例:雨の日にやってきたお客様の履物をお帰りまでに綺麗に拭き上げて、帰りは気持ちよく帰っていただく。
ここも、下心見え見えの行動ではなく、損得を超えた「お客様を思う心」と「行動」があって、はじめて、後々の「お返し」がやってくるのでしょう。「これだけしてあげれば、きっとこういう風にしてくれるに違いない」という、下心ありありの行動は相手にも透けて見えるものです。そうではなく、どれだけ純粋に相手のことを思うことができているか。お役に立ちたい、笑顔を見たい、満足や幸福感を得るお手伝いがしたい。そう心から願う行動が出来た時、その気持ちが相手にも伝わり、それが、一見、損をしたように見えても後にお返し(得)となって当の本人にも幸せをもたらすのです。

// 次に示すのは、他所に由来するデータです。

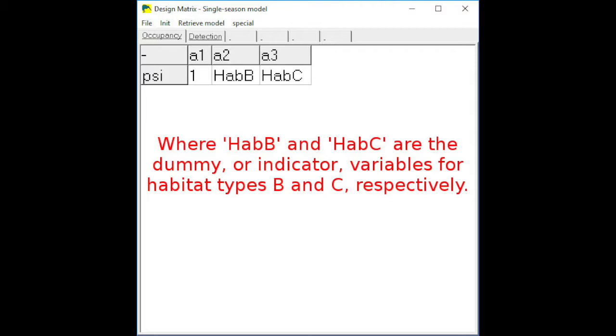For example, with our habitat type, we'll define three indicator variables — one for each of habitat types A, B, and C. Then in our design matrix, we want to have an intercept term and then two of the three indicator variables. It doesn't really matter which two, but any two of those three will work. The category that's not included in the design matrix is our reference or standard category that we are comparing the other habitat types to.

タイトルには「営業の基本」と書きましたが、これは即ち、「人としての生き方の基本」のように思います。
営業でも、内勤事務の方でも、ご近所付き合いでも、家庭の中でも。
「死に金」ではなく「生きたお金」を使う。
〇〇はできない。前例がない。と過去や固定観念にとらわれず、「コレ!」と思ったら前例がなくとも未経験であっても前へ進んでみる。
目先の損得で生きるのではなく、相手の幸せのために尽くせる心の余裕を持つ。
始末・才覚・算用
こうして考えると、3つは別々のモノではなく、「心の持ち方」という点ですべて繋がっています。
商売人だけに留まらず、すべての経営者、マネージャー、働く人達、人間が、皆、こういう気持ちで毎日を送ることができたなら、笑顔あふれる素晴らしい職場・コミュニティ・家族になるのだと思います。